Wie sollte Wein idealerweise gelagert werden?

Dunkel, bei einer konstanten Temperatur von 10-15°C, 65-75% Luftfeuchte und – sofern mit Naturkork verschlossen – liegend. Unter diesen Bedingungen kann sich der Reifeprozess ungestört und nachhaltig vollziehen.

Welche Rolle spielt der Korken bei der Weinlagerung?

Korken beeinflussen die Weinlagerung massgeblich, da sie den Wein vor Oxidation schützen sollen. Flaschen mit Naturkorken sollten deshalb immer liegend gelagert werden, damit der Korken feucht bleibt, nicht austrocknet und schrumpft. Ein trockener Korken kann porös werden und Luft in die Flasche lassen, was zur Oxidation des Weins führt und dessen Qualität beeinträchtigt. Auch die Luftfeuchte des Weinkellers spielt daher eine sehr wichtige Rolle bei der Lagerung.

Wie lange kann man Rotwein und Weisswein aufbewahren?

Es gibt für keine Weinkategorie eine pauschal gültige optimale Reifedauer, da Wein ein sehr individuelles Produkt ist. Voraussetzung ist, dass es sich um einen komplexen Wein mit ausreichender, entwicklungsfähiger Struktur handelt. Wie lange der einzelne Wein dann lagern sollte, hängt massgeblich von der Rebsorte und den Herstellungsmethoden ab. Mancher komplexe Wein erreicht seinen Zenit nach 10 Jahren, andere erst nach 50 Jahren.

Woran erkennt man, ob ein gelagerter Wein noch trinkbar ist?

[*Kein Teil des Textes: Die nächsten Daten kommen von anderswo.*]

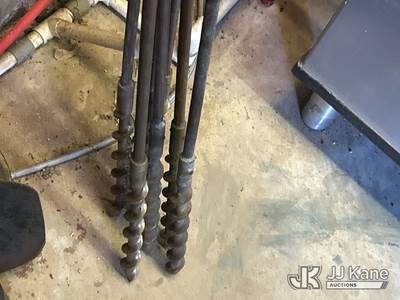 Temporary truck screw in grounds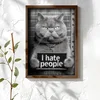 WallXpert uramljena MDF slika NAL065-70, siva mačka drži tablu sa natpisom I hate people, 50 x 70 cm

Von aussen betrachtet hilft nur fachliche Expertise: Sofern die Lagerbedingungen korrekt eingehalten wurden, kann eine geschulte Fachperson aus den Etiketteninformationen Region/Sorte/Jahrgang/Erzeuger eine Einschätzung zur Trinkreife abgeben. Allerdings kommt hier noch der individuelle Geschmack als subjektiver Faktor hinzu: Was für den einen zu alt erscheint, mag für den anderen ein Hochgenuss sein. Man könnte also sagen: Genaues weiss man erst nach dem Öffnen der Flasche – und ein alter Wein ist noch trinkbar, sofern er der trinkenden Person Freude bereitet.